Terroir, uvas, vinho e harmonização

Terroir

Terroir é uma palavra francesa com um significado tão próprio que não é possível traduzi-la. Por exemplo, pense na palavra saudade. Uma palavra simples para quem fala português, que nos faz sentir até um aperto no peito quando a usamos ou ouvimos alguém dizer que sente saudade, certo?! Afinal, ela carrega todo um contexto que dispensa explicação e não existe tradução à sua altura. 

Da mesma forma, a palavra terroir carrega com ela um universo circundante. Então, os franceses compreendem instantaneamente tudo o que ela engloba quando é mencionada. Sendo assim, é impossível fazer uma tradução simples que represente tudo o que ela significa.  

Acontece que essa palavrinha permeia todas as conversas sobre vinhos. De fato, para quem está começando a se aventurar pelo maravilhoso mundo do produto da videira, é vital entender o que significa a palavra terroir, o que ela envolve e o que isso tem a ver com a harmonização do vinho com seu prato.  

Por isso, o Center Gourmet vai ler a cartilha e convida você para nos acompanhar em um breve passeio pelos vinhedos. Na volta, você vai saber tudo o que precisa para acompanhar as conversas e entender melhor os artigos sobre seus vinhos preferidos. 

O que significa terroir?

Terroir

Afinal, o que é terroir?

Tecnicamente, existe uma definição feita pelo INAO – Institut Nacional de L’origine et de la qualité, que regula as denominações de origem na França: 

Terroir é o resultado do acúmulo de interações entre características de um determinado ambiente natural, um ambiente biológico e fatores humanos em um determinado lugar, criando um produto único”. 

O que isso quer dizer? Em palavras simples, quer dizer que cada lugar tem um tipo de solo, clima, topografia, interferência humana e até animal etc. Tudo isso acaba influenciando o que é ali produzido, dando características daquele lugar para o produto final.  

Por exemplo, podemos citar os queijos mineiros. De fato, só de pensar em um queijo produzido no estado de Minas, o que vem à sua mente? Provavelmente, você visualizou as montanhas verdinhas depois de uma boa chuva, cheias de vacas leiteiras e riachos que cortam as fazendas. Em seguida, “aparece” o mineiro que cuida de tudo isso com seu jeito próprio, criando um produto final nacionalmente conhecido como Queijo Minas.  

Resumidamente, isso é o terroir. Aliás, apesar de muito utilizada fazendo referência aos vinhedos, essa não é uma palavra exclusiva da área. Na verdade, quando o assunto envolve bebidas e alimentos com características próprias de uma região, o termo se aplica. 
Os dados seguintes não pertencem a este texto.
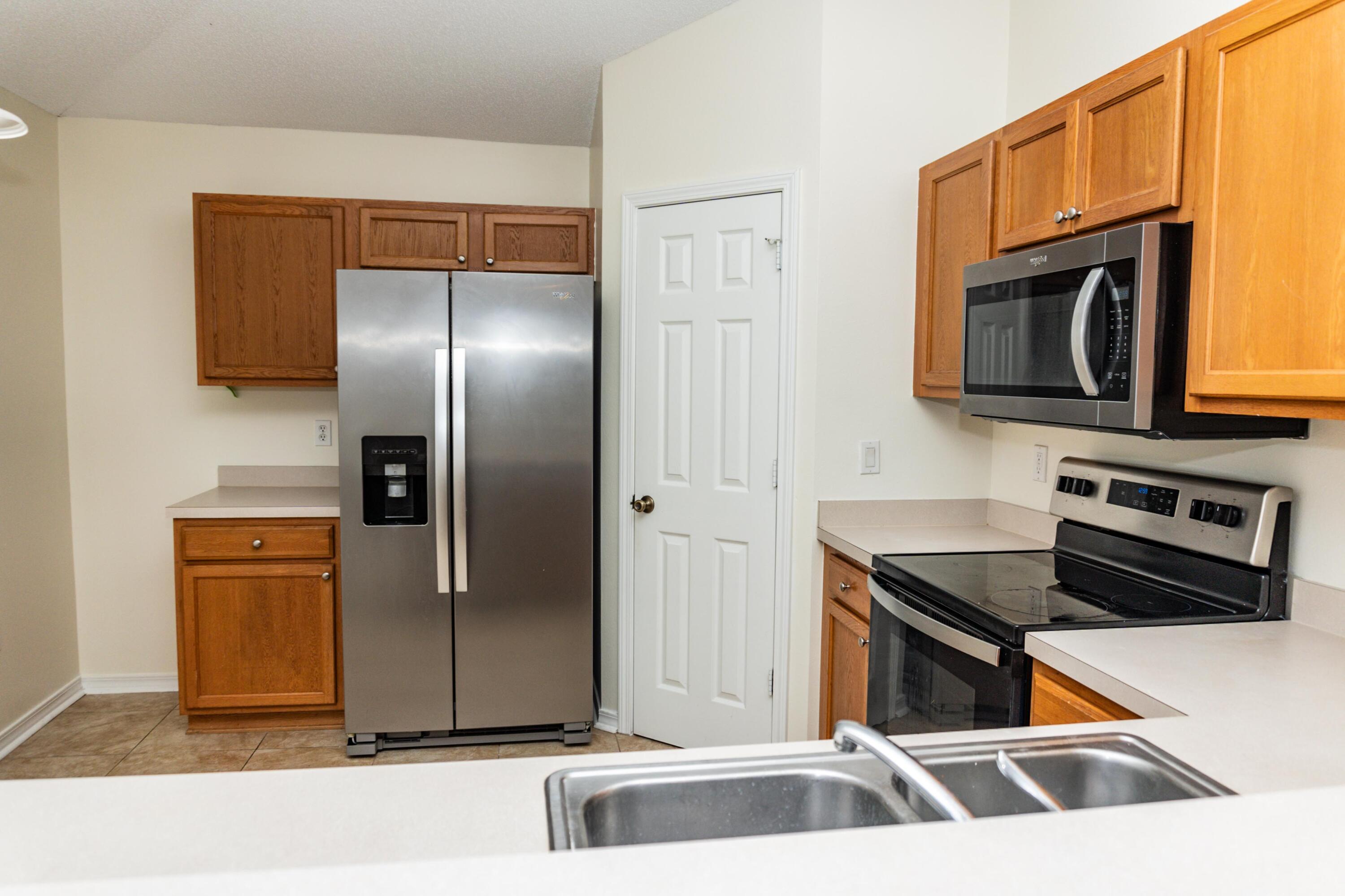 SOUTHWAY ESTATES 2ND ADDN - Residential Lease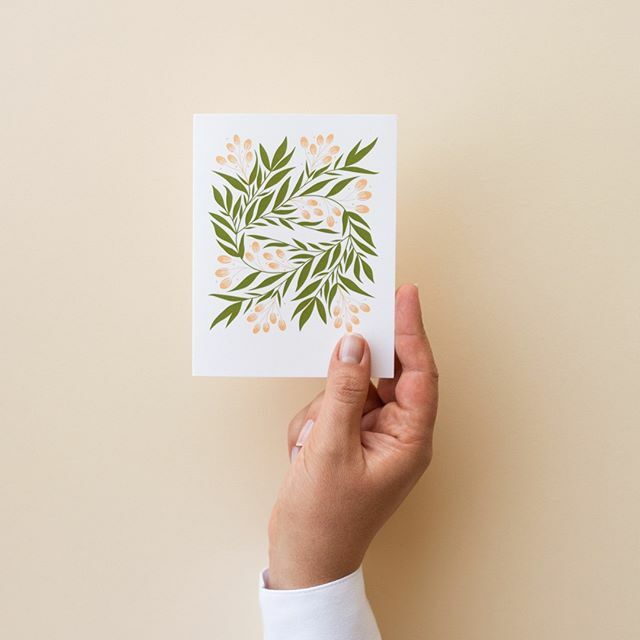shophazelmade's tweet photo. This Tuscan Florals design always feels so quiet and calm to me. Find this Greeting Card (single card or a box set) through the link in my bio as well as a Tea Towel, Notepad, and Little Note Set to match (https://t.co/dBAN8xqSvV). https://t.co/yXHFltpk3H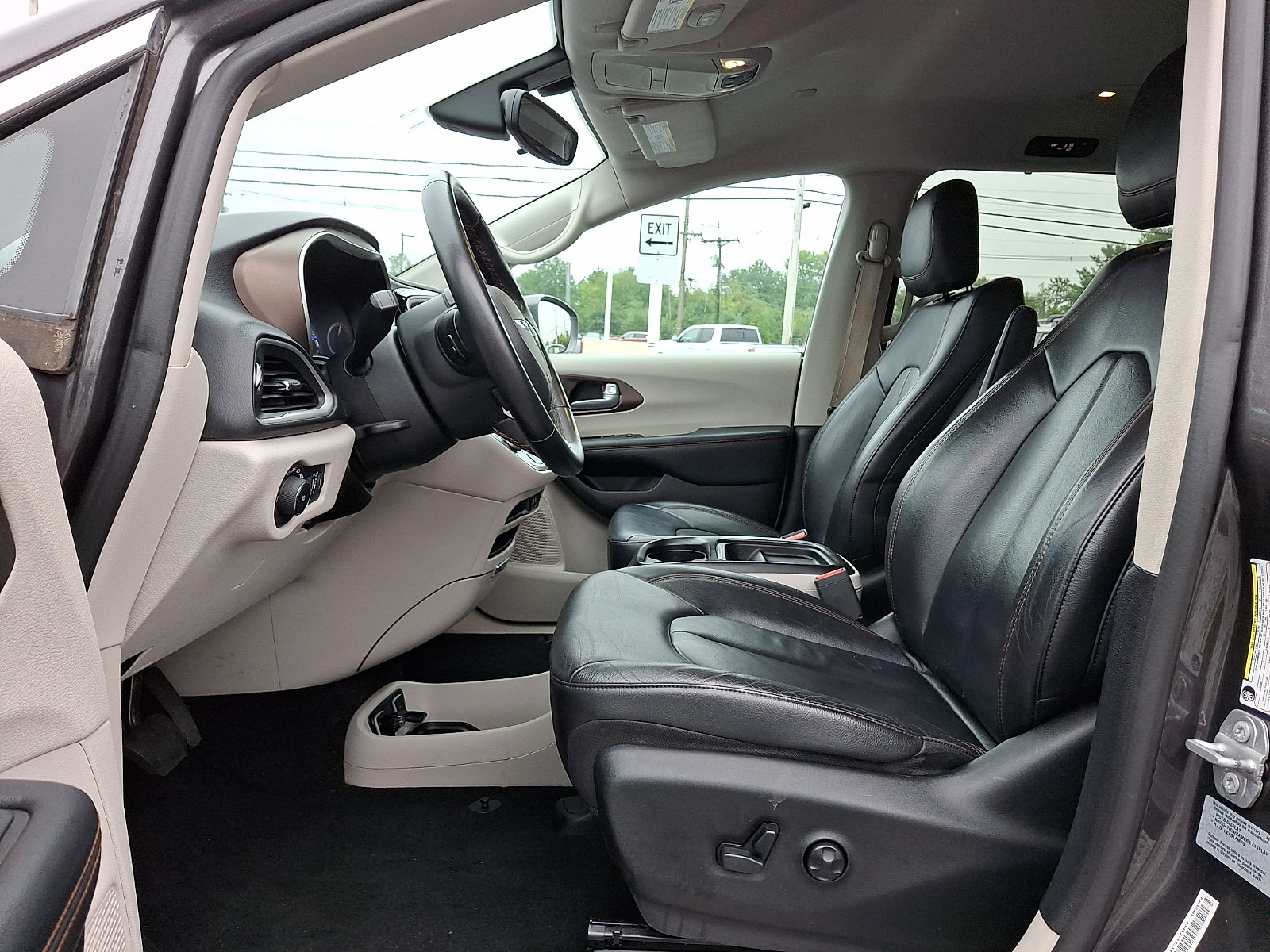 Used 2017 Chrysler Pacifica Touring-L FWD image 13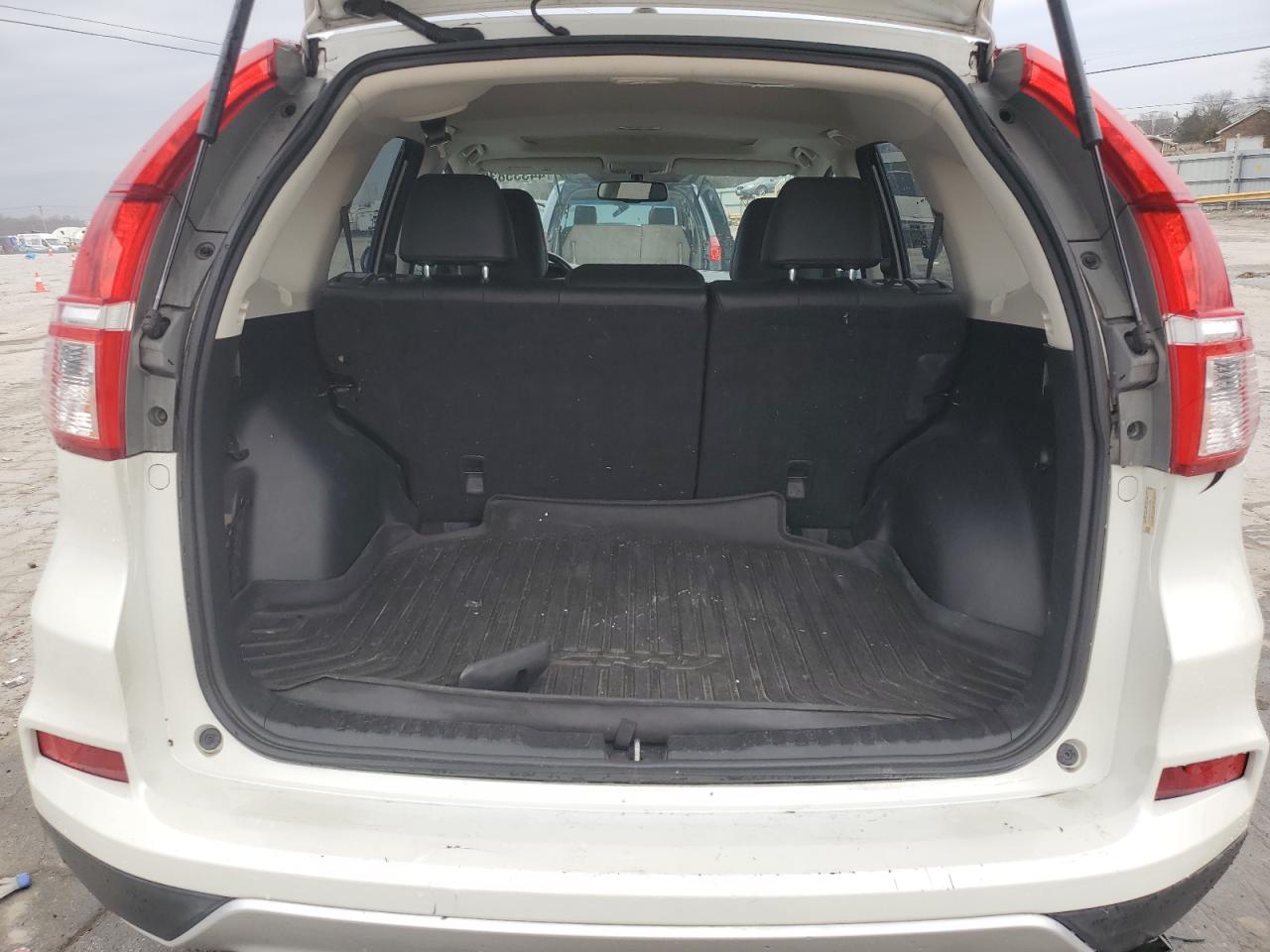 2015 Honda CR-V - Image 13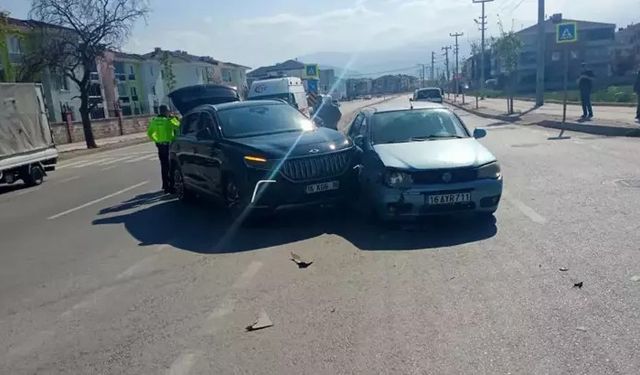 Bursa'da 2 otomobilin çarpıştığı kazada 5 yaralı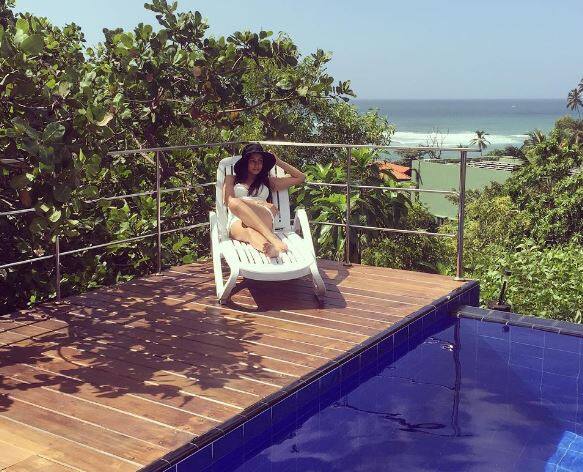   पूल के किनारे टू पिस बिकनी का उनका ये हॉट अंदाज मधुरा की बोल्डनेस की कहानी बयान कर रहा है. टीवी सीरियल में सिंपल किरदार निभाने वाली इस एक्ट्रेस की ऐसी अदाएं पहले कभी नहीं दिखी थी.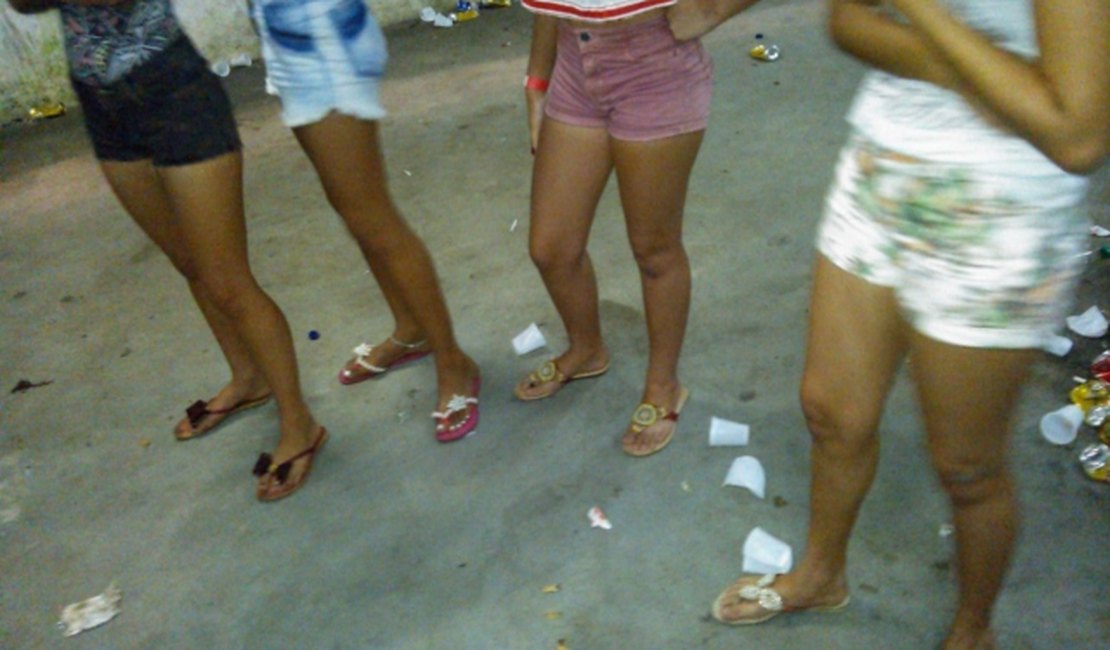 Polícia prende homem que organizava festa ?Los Putons? no Benedito Bentes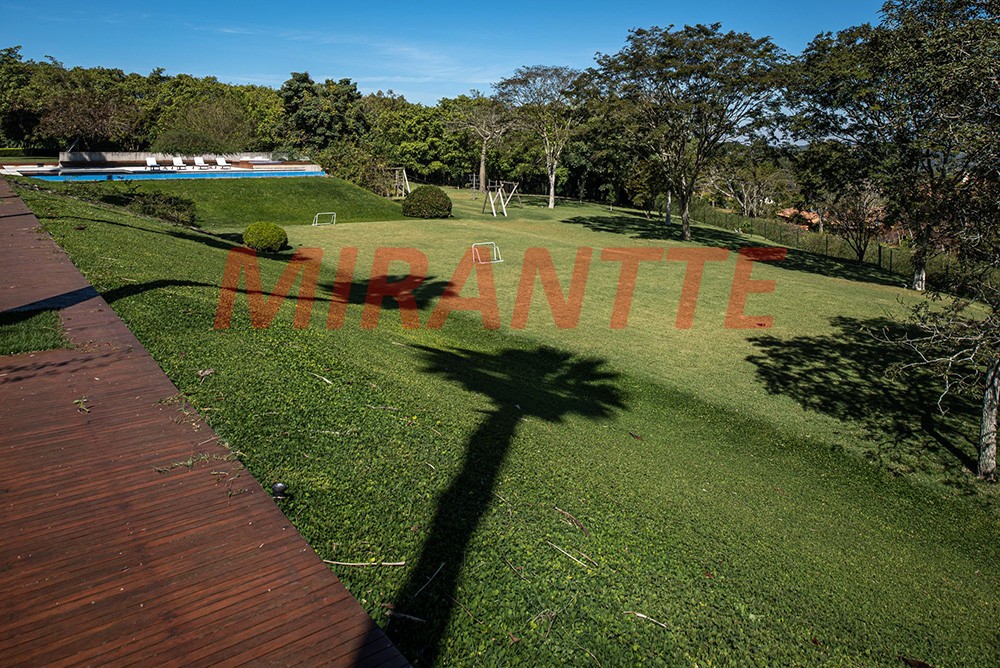 Sobrado de 1600m² com 8 quartos em CENTRO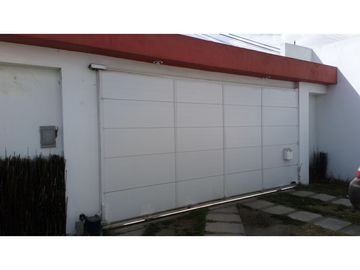 Casa Sola en Venta en Cacalomacán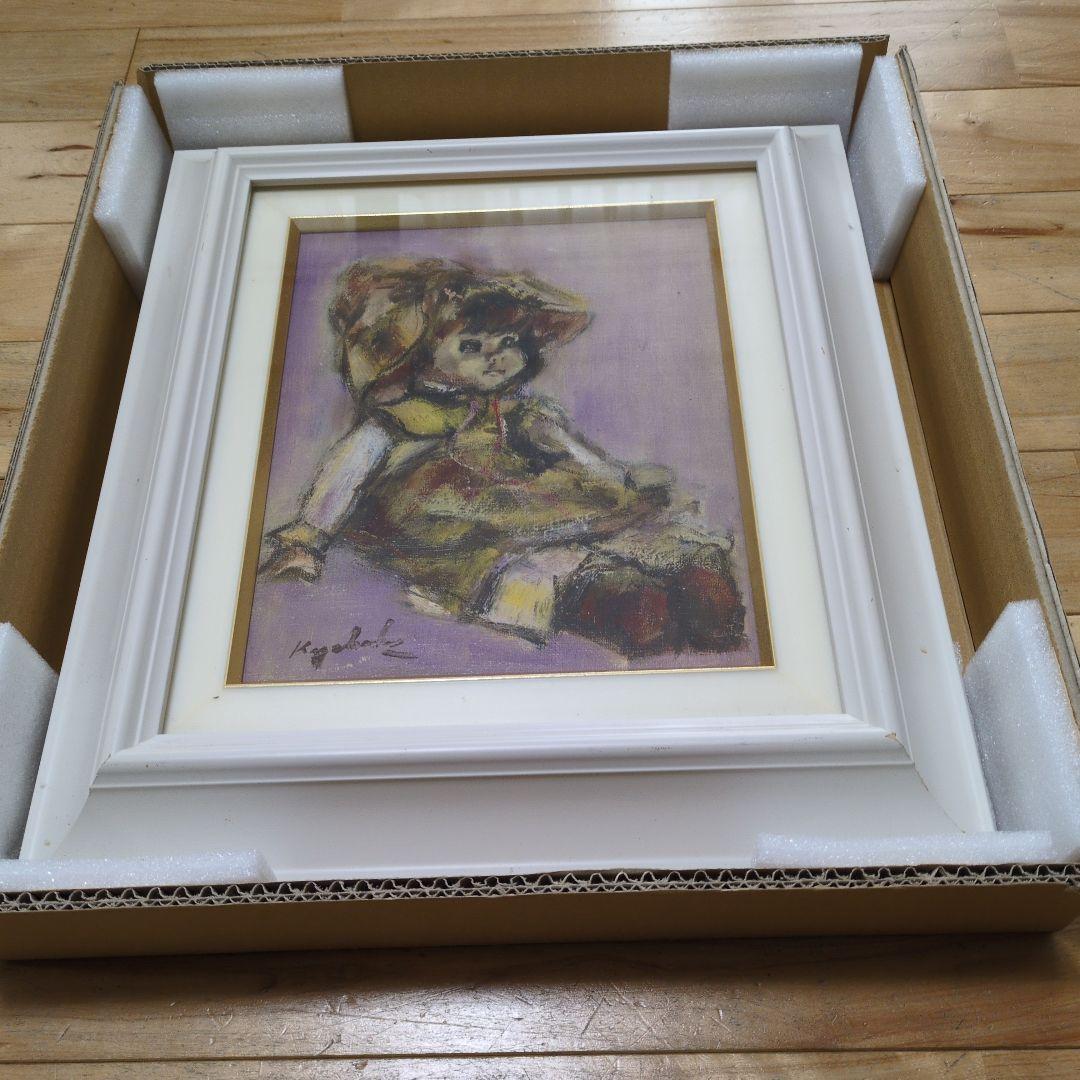 人形の絵画 白フレーム付き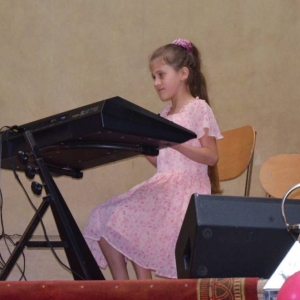 Występ dzieci i młodzieży warsztatów keyboardowych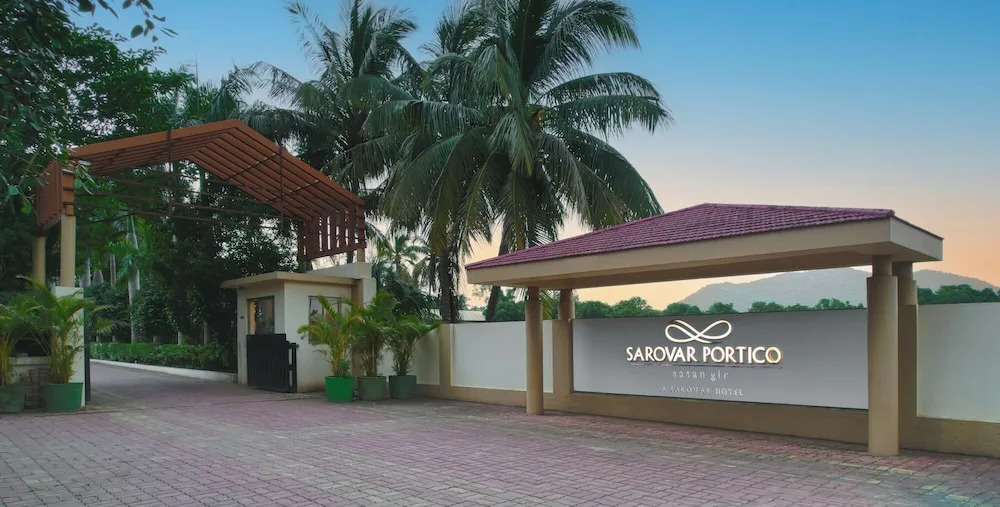 Сазан: Sarovar Portico Sasangir
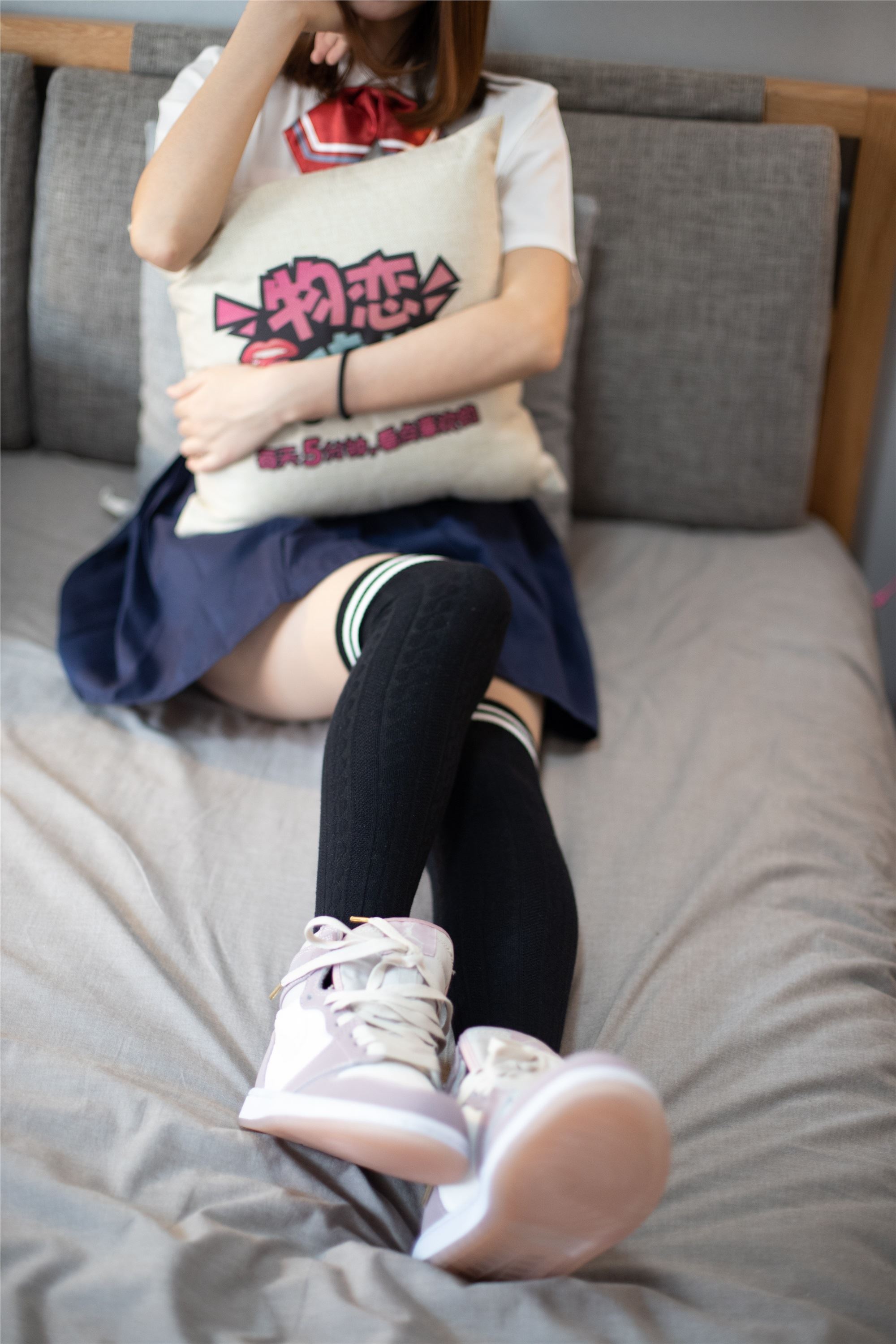 物恋传媒 No.092 猫耳-女高制服三部曲之三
Os quatro pilares do terroir 

Terroir

Para se ter o conceito do terroir de uma região, é comum levar em conta quatro fatores diferentes. Durante séculos, os produtores e enólogos se guiam por eles para determinar quais os melhores fatores para a equação perfeita, que chegará a um vinho incrível no final. Veja a seguir que fatores são esses e o que eles envolvem. 

Geologia 

Na verdade, é comum dizer que o solo é o fator importante, mas podemos ir mais além. O solo está contido dentro da geologia e ela abrange mais do que o tipo de solo de uma região. Sendo assim, podemos dizer que esse fator inclui a altitude da localização do vinhedo, o tipo de relevo local, a composição do solo etc. Tudo isso contribui para a construção dos aromas e características do vinho produzido. 

Clima 

Para começar, clima é mais do que sensação térmica de frio ou calor. Isso porque, o clima inclui vários outros subfatores: 

  • quantidade de chuvas da região (índice pluviométrico), 
  • ventos que batem sobre o lugar, 
  • proximidade de fontes de água, o que torna a região mais úmida,  
  • variação da temperatura do dia para a noite (amplitude térmica), fator que exerce grande influência sobre a maturação das uvas.  

Variedade de uva  

Paralelamente, a cepa cultivada também contribui para definir o terroirImagine que uma família se muda do Japão para o Brasil. Cada membro da família tem sua personalidade e características próprias, sendo assim, cada um vai ter um impacto diferente ao entrar em contato com a cultura local. 

De forma parecida, cada uva tem sua personalidade e carrega em seu DNA uma estrutura com qualidades próprias. Desse modo, quando cultivadas em solos diferentes, demonstram facetas diferentes de sua personalidade. 

Interferência humana 

Nesse caso, não é difícil prever que produtores diferentes manejam os fatores acima de modos diferentes, resultando em vinhos completamente diferentes. Mas, ainda assim, ainda existem opiniões conflitantes sobre o assunto e vamos falar sobre ele mais adiante. 

Terroir, os vinhos e a ação humana 

Terroir

Interferência humana é ou não é parte do terroir?

Antes de mais nada, saiba que esse é um fator que divide opiniões. Afinal, a interferência ou o manejo das uvas e do solo podem ser considerados parte do terroir? Então… a resposta depende de com quem você conversa. Isso acontece porque, para alguns, o homem não tem nenhuma participação nos nutrientes absorvidos do solo, em como as vinhas reagem ao clima e ao processo de maturação. 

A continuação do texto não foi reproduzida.